Web page caption snippets:

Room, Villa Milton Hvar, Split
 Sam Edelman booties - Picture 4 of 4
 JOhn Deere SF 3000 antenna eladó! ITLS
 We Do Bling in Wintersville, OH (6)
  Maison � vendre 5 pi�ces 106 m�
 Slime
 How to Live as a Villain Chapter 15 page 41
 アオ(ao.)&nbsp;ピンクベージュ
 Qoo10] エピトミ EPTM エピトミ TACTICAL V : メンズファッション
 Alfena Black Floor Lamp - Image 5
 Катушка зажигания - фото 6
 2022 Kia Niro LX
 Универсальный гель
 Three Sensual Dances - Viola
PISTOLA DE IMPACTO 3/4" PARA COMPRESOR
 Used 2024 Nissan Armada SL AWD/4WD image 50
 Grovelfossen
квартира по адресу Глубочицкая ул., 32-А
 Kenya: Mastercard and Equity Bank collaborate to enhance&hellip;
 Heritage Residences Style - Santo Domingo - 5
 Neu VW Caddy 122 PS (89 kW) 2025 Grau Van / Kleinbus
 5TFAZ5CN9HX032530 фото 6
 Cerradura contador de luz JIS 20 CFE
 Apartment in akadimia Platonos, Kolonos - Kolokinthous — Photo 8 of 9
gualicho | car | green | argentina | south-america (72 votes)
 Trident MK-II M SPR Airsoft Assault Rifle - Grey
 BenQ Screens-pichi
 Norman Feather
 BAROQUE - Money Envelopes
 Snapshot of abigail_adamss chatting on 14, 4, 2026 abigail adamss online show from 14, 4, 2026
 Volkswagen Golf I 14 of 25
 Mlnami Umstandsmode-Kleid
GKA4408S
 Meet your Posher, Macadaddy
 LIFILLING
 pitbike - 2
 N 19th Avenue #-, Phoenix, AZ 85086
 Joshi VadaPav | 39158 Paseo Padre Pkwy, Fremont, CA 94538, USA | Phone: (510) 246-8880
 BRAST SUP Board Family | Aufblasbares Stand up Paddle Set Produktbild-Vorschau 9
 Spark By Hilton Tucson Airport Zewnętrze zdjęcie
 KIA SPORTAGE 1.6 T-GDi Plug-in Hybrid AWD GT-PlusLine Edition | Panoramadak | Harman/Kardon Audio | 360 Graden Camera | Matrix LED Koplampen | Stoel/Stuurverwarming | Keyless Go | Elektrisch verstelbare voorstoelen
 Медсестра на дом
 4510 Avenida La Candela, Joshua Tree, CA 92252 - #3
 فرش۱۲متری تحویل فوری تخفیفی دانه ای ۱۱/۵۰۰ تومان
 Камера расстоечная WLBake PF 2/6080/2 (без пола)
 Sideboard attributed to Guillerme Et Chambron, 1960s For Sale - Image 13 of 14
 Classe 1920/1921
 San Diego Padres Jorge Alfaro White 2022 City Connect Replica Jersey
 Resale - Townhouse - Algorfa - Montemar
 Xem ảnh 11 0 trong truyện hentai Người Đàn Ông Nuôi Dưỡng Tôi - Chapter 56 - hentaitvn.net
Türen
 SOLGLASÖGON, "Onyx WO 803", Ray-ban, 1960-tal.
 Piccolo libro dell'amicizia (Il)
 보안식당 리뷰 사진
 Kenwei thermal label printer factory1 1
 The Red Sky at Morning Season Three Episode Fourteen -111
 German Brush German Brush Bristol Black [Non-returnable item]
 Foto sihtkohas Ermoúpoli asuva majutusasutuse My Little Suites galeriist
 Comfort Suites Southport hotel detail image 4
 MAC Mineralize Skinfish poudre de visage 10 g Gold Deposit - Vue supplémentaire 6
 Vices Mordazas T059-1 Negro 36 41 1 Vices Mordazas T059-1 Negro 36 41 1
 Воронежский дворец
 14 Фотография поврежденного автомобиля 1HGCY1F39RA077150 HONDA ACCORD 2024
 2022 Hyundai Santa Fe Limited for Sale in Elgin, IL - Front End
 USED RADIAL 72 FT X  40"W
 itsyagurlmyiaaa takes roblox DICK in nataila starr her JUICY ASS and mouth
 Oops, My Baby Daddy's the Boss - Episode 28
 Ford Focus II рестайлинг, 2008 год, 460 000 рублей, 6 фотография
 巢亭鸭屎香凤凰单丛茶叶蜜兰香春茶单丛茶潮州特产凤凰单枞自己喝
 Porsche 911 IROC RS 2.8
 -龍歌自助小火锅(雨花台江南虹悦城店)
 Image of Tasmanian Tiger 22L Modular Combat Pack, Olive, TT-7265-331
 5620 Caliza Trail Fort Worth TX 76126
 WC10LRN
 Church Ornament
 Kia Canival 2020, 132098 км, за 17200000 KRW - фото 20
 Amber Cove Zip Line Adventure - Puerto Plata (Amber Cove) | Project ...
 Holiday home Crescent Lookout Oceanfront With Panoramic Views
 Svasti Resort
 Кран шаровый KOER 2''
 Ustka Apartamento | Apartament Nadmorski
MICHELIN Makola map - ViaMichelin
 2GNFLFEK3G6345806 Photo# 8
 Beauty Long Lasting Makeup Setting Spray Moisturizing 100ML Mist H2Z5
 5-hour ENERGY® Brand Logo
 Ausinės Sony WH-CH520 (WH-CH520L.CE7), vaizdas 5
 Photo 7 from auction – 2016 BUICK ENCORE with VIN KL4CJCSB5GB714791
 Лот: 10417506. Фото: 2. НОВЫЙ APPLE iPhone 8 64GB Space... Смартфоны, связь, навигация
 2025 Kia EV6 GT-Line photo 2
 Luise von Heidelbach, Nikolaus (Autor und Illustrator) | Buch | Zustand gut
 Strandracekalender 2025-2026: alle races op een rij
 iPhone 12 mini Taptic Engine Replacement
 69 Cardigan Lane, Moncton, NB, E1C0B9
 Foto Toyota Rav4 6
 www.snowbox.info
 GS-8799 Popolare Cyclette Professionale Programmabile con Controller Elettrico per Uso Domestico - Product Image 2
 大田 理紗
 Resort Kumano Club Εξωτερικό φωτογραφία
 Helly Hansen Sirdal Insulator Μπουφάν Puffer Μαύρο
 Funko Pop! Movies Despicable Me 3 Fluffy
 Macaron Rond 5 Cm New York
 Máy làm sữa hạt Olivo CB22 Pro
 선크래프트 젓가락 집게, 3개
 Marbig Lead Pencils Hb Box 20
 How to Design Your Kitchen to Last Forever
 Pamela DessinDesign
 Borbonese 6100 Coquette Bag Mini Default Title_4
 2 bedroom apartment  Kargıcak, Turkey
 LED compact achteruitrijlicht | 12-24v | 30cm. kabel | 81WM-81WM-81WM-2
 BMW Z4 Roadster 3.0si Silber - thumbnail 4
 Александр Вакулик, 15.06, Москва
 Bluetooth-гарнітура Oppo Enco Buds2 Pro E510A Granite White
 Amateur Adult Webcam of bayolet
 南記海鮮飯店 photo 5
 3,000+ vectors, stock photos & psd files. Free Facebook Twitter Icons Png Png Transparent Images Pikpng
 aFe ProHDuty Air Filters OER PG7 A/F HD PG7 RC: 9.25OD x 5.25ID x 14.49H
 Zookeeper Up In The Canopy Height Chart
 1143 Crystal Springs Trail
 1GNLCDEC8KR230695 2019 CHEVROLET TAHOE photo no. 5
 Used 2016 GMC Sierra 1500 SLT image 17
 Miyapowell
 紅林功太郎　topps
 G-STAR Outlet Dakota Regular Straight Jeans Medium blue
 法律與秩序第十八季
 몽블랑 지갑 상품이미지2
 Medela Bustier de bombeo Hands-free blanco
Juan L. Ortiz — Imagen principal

### [WHAT IS NEEDED]
Please output the records once more, exactly as they were written.

### [WRITTEN ANSWER]
Room, Villa Milton Hvar, Split
 Sam Edelman booties - Picture 4 of 4
 JOhn Deere SF 3000 antenna eladó! ITLS
 We Do Bling in Wintersville, OH (6)
  Maison � vendre 5 pi�ces 106 m�
 Slime
 How to Live as a Villain Chapter 15 page 41
 アオ(ao.)&nbsp;ピンクベージュ
 Qoo10] エピトミ EPTM エピトミ TACTICAL V : メンズファッション
 Alfena Black Floor Lamp - Image 5
 Катушка зажигания - фото 6
 2022 Kia Niro LX
 Универсальный гель
 Three Sensual Dances - Viola
PISTOLA DE IMPACTO 3/4" PARA COMPRESOR
 Used 2024 Nissan Armada SL AWD/4WD image 50
 Grovelfossen
квартира по адресу Глубочицкая ул., 32-А
 Kenya: Mastercard and Equity Bank collaborate to enhance&hellip;
 Heritage Residences Style - Santo Domingo - 5
 Neu VW Caddy 122 PS (89 kW) 2025 Grau Van / Kleinbus
 5TFAZ5CN9HX032530 фото 6
 Cerradura contador de luz JIS 20 CFE
 Apartment in akadimia Platonos, Kolonos - Kolokinthous — Photo 8 of 9
gualicho | car | green | argentina | south-america (72 votes)
 Trident MK-II M SPR Airsoft Assault Rifle - Grey
 BenQ Screens-pichi
 Norman Feather
 BAROQUE - Money Envelopes
 Snapshot of abigail_adamss chatting on 14, 4, 2026 abigail adamss online show from 14, 4, 2026
 Volkswagen Golf I 14 of 25
 Mlnami Umstandsmode-Kleid
GKA4408S
 Meet your Posher, Macadaddy
 LIFILLING
 pitbike - 2
 N 19th Avenue #-, Phoenix, AZ 85086
 Joshi VadaPav | 39158 Paseo Padre Pkwy, Fremont, CA 94538, USA | Phone: (510) 246-8880
 BRAST SUP Board Family | Aufblasbares Stand up Paddle Set Produktbild-Vorschau 9
 Spark By Hilton Tucson Airport Zewnętrze zdjęcie
 KIA SPORTAGE 1.6 T-GDi Plug-in Hybrid AWD GT-PlusLine Edition | Panoramadak | Harman/Kardon Audio | 360 Graden Camera | Matrix LED Koplampen | Stoel/Stuurverwarming | Keyless Go | Elektrisch verstelbare voorstoelen
 Медсестра на дом
 4510 Avenida La Candela, Joshua Tree, CA 92252 - #3
 فرش۱۲متری تحویل فوری تخفیفی دانه ای ۱۱/۵۰۰ تومان
 Камера расстоечная WLBake PF 2/6080/2 (без пола)
 Sideboard attributed to Guillerme Et Chambron, 1960s For Sale - Image 13 of 14
 Classe 1920/1921
 San Diego Padres Jorge Alfaro White 2022 City Connect Replica Jersey
 Resale - Townhouse - Algorfa - Montemar
 Xem ảnh 11 0 trong truyện hentai Người Đàn Ông Nuôi Dưỡng Tôi - Chapter 56 - hentaitvn.net
Türen
 SOLGLASÖGON, "Onyx WO 803", Ray-ban, 1960-tal.
 Piccolo libro dell'amicizia (Il)
 보안식당 리뷰 사진
 Kenwei thermal label printer factory1 1
 The Red Sky at Morning Season Three Episode Fourteen -111
 German Brush German Brush Bristol Black [Non-returnable item]
 Foto sihtkohas Ermoúpoli asuva majutusasutuse My Little Suites galeriist
 Comfort Suites Southport hotel detail image 4
 MAC Mineralize Skinfish poudre de visage 10 g Gold Deposit - Vue supplémentaire 6
 Vices Mordazas T059-1 Negro 36 41 1 Vices Mordazas T059-1 Negro 36 41 1
 Воронежский дворец
 14 Фотография поврежденного автомобиля 1HGCY1F39RA077150 HONDA ACCORD 2024
 2022 Hyundai Santa Fe Limited for Sale in Elgin, IL - Front End
 USED RADIAL 72 FT X  40"W
 itsyagurlmyiaaa takes roblox DICK in nataila starr her JUICY ASS and mouth
 Oops, My Baby Daddy's the Boss - Episode 28
 Ford Focus II рестайлинг, 2008 год, 460 000 рублей, 6 фотография
 巢亭鸭屎香凤凰单丛茶叶蜜兰香春茶单丛茶潮州特产凤凰单枞自己喝
 Porsche 911 IROC RS 2.8
 -龍歌自助小火锅(雨花台江南虹悦城店)
 Image of Tasmanian Tiger 22L Modular Combat Pack, Olive, TT-7265-331
 5620 Caliza Trail Fort Worth TX 76126
 WC10LRN
 Church Ornament
 Kia Canival 2020, 132098 км, за 17200000 KRW - фото 20
 Amber Cove Zip Line Adventure - Puerto Plata (Amber Cove) | Project ...
 Holiday home Crescent Lookout Oceanfront With Panoramic Views
 Svasti Resort
 Кран шаровый KOER 2''
 Ustka Apartamento | Apartament Nadmorski
MICHELIN Makola map - ViaMichelin
 2GNFLFEK3G6345806 Photo# 8
 Beauty Long Lasting Makeup Setting Spray Moisturizing 100ML Mist H2Z5
 5-hour ENERGY® Brand Logo
 Ausinės Sony WH-CH520 (WH-CH520L.CE7), vaizdas 5
 Photo 7 from auction – 2016 BUICK ENCORE with VIN KL4CJCSB5GB714791
 Лот: 10417506. Фото: 2. НОВЫЙ APPLE iPhone 8 64GB Space... Смартфоны, связь, навигация
 2025 Kia EV6 GT-Line photo 2
 Luise von Heidelbach, Nikolaus (Autor und Illustrator) | Buch | Zustand gut
 Strandracekalender 2025-2026: alle races op een rij
 iPhone 12 mini Taptic Engine Replacement
 69 Cardigan Lane, Moncton, NB, E1C0B9
 Foto Toyota Rav4 6
 www.snowbox.info
 GS-8799 Popolare Cyclette Professionale Programmabile con Controller Elettrico per Uso Domestico - Product Image 2
 大田 理紗
 Resort Kumano Club Εξωτερικό φωτογραφία
 Helly Hansen Sirdal Insulator Μπουφάν Puffer Μαύρο
 Funko Pop! Movies Despicable Me 3 Fluffy
 Macaron Rond 5 Cm New York
 Máy làm sữa hạt Olivo CB22 Pro
 선크래프트 젓가락 집게, 3개
 Marbig Lead Pencils Hb Box 20
 How to Design Your Kitchen to Last Forever
 Pamela DessinDesign
 Borbonese 6100 Coquette Bag Mini Default Title_4
 2 bedroom apartment  Kargıcak, Turkey
 LED compact achteruitrijlicht | 12-24v | 30cm. kabel | 81WM-81WM-81WM-2
 BMW Z4 Roadster 3.0si Silber - thumbnail 4
 Александр Вакулик, 15.06, Москва
 Bluetooth-гарнітура Oppo Enco Buds2 Pro E510A Granite White
 Amateur Adult Webcam of bayolet
 南記海鮮飯店 photo 5
 3,000+ vectors, stock photos & psd files. Free Facebook Twitter Icons Png Png Transparent Images Pikpng
 aFe ProHDuty Air Filters OER PG7 A/F HD PG7 RC: 9.25OD x 5.25ID x 14.49H
 Zookeeper Up In The Canopy Height Chart
 1143 Crystal Springs Trail
 1GNLCDEC8KR230695 2019 CHEVROLET TAHOE photo no. 5
 Used 2016 GMC Sierra 1500 SLT image 17
 Miyapowell
 紅林功太郎　topps
 G-STAR Outlet Dakota Regular Straight Jeans Medium blue
 法律與秩序第十八季
 몽블랑 지갑 상품이미지2
 Medela Bustier de bombeo Hands-free blanco
Juan L. Ortiz — Imagen principal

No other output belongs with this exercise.